Кантата начинается и оканчивается почти одинаковой музыкой. Вначале это незаурядного обаяния гневный хор в сопровождении оркестра, полыхающего, как фейерверк. Евреи богохульствуют и ропщут, сравнивая себя с «диким стадом», которое жестокий обольститель, обманувший их доверие, – Моисей – гонит по пустыне. Из-за того, что хор поделен надвое и группы эти переговариваются, передразнивают и окликают друг друга, возникает иллюзия расходившейся толпы. То тут, то там мерцают сердитые выкрики, и такие же вспышки гнева блуждают среди инструментов оркестра: возникая в басах, группа яростных шестнадцатых нот[350] прыгает в средние голоса, отдаётся эхом в верхних и снова устремляется в нижний регистр – как шарик, мечущийся в пинбольной машине. Вся эта раздражённая скороговорка производит на самом деле самое праздничное впечатление: номер написан в лучезарном мажоре и клокочет невероятной рок-н-ролльной энергией. Хоровых эпизодов в кантате только два: первый – и заключительный, где раскаявшиеся (и уже спасённые от змей) израильтяне, напротив, хвалят Всевышнего, благодаря его за милосердие. Музыку, которую мы уже слышали, Зеленка только слегка модифицирует: он тут и там облегчает сплошную пулеметную строчку шестнадцатых и украшает её экстатически воркующими гобоями и флейтами. Результат получается совсем другим: напор и сияние номера остаются на месте, а вот гнев больше не ощущается.
Хор «Inni e lodi a quel Signore»
После того как Азария в речитативе с ностальгией вспоминает сочные, орошённые водами Нила египетские земли, а Намуэль в унынии вторит ему, говоря, что однажды, возможно, и опротивевшей им манны не станет, звучит самая обширная в кантате ария. Кажется, Зеленка намеренно сделал её такой длинной: наполненная тяжестью и апатией, она тянется бесконечно и печально, прямо как месяцы и годы, проведённые народом Израиля в пустыне. Солирующая флейта звучит томно и вяло, а Намуэль меланхолично описывает стариков, матерей и маленьких детей, еле бредущих сквозь пески навстречу верной смерти.

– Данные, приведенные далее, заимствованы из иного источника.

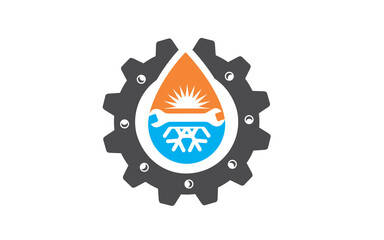 Illustration of Heating and Cooling logo design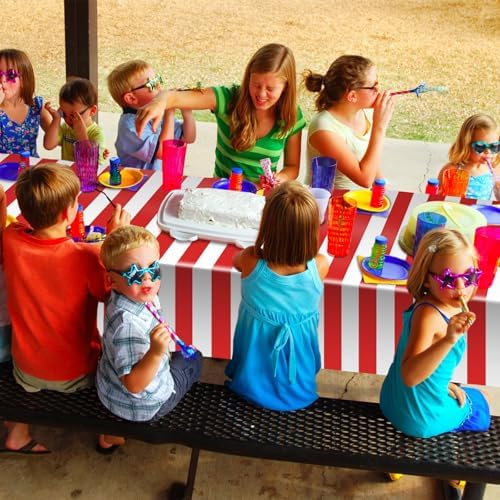 Carnival Theme Red and White Striped Tablecloths 87x51 4pcs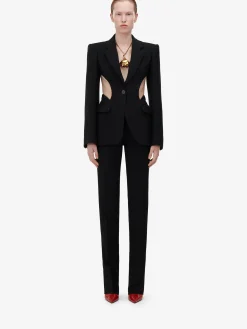 Women's Low-waisted Straight Leg Trousers in >Alexander McQueen Fashion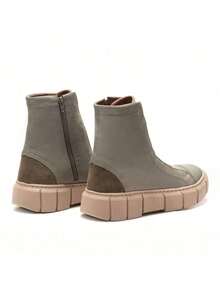 Comfortable Tractor-Sole Boot In Genuine Leather For Winter - Mid-Calf - 橄欖綠 - 查看 3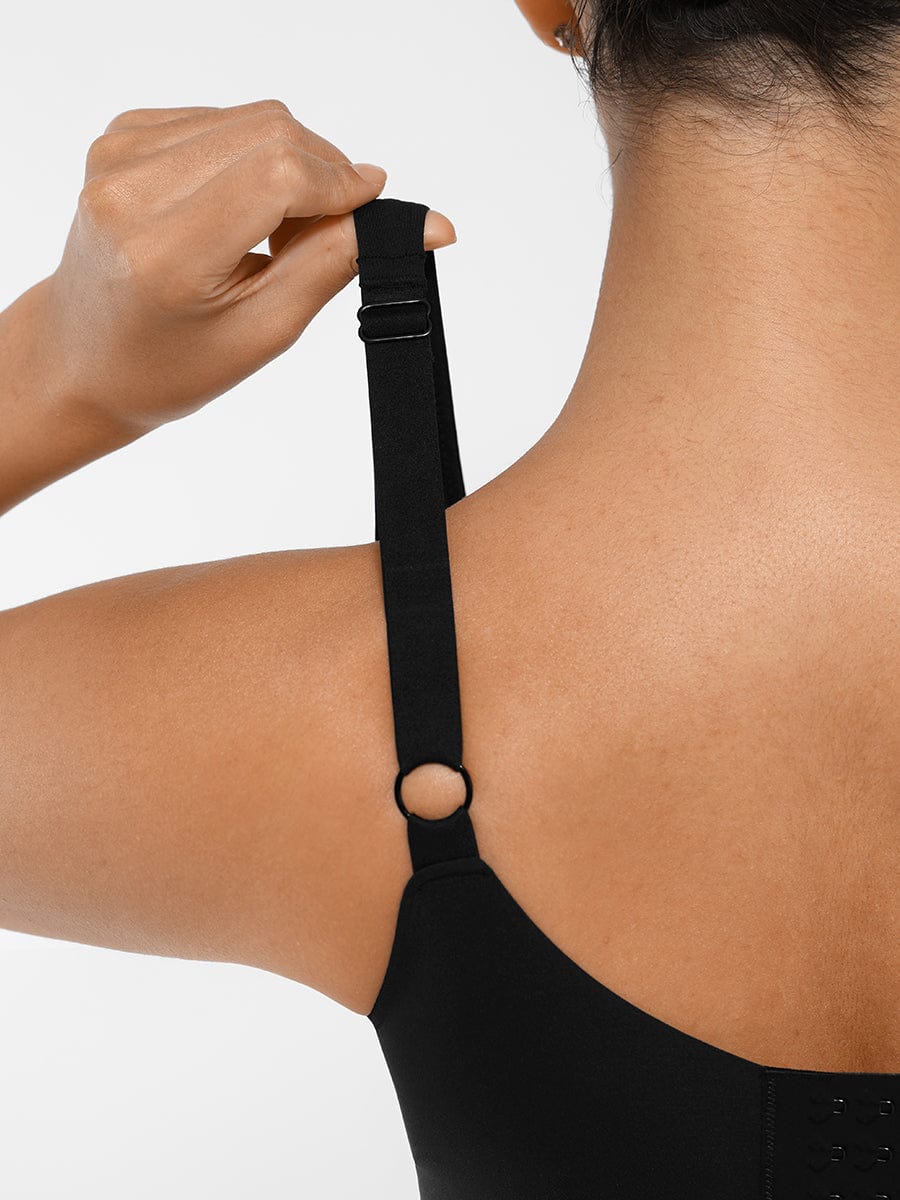 Unpadded Underwired Deep V-Neck Bra with Side Support - FirmaLift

После ламентаций Азарии и Намуэля, а потом совсем уже крамольных слов Эглы, которая открыто желает Моисею смерти и обвиняет его в обмане своего народа в чрезвычайно бодрой арии, мы наконец слышим голос Бога. Мистическая его природа сразу очевидна. Прежде речитативы звучали схематично и скупо – только голос и континуо[351] (такие «подсушенные» речитативы так и назывались – secco[352]). Слова Бога, однако, сопровождаются игрой струнных, причём весьма специфической. В царственном до мажоре (в эпоху барокко тональности имели семантику) статичными аккордами струнные окружают голос Творца, как световое гало. В какой-то момент возникает слуховая иллюзия расширяющегося пятна, как при использовании цифрового дилея – электронного эффекта задержки звука. В последующей разгневанной арии Бога слышна одна из барочных риторических фигур[353] – так называемая тирата[354]. В вокальной музыке она часто иллюстрировала слова «бежать», «стрелять» или «бросать» и ассоциировалась с полётом стрелы или метанием копья. В арии Бог и правда поёт о том, что готов разить неверных громами и молниями, а гаммообразные фигуры, со свистом устремляющиеся к вершинным нотам, вызывают ассоциации с дротиками, прорезающими воздух.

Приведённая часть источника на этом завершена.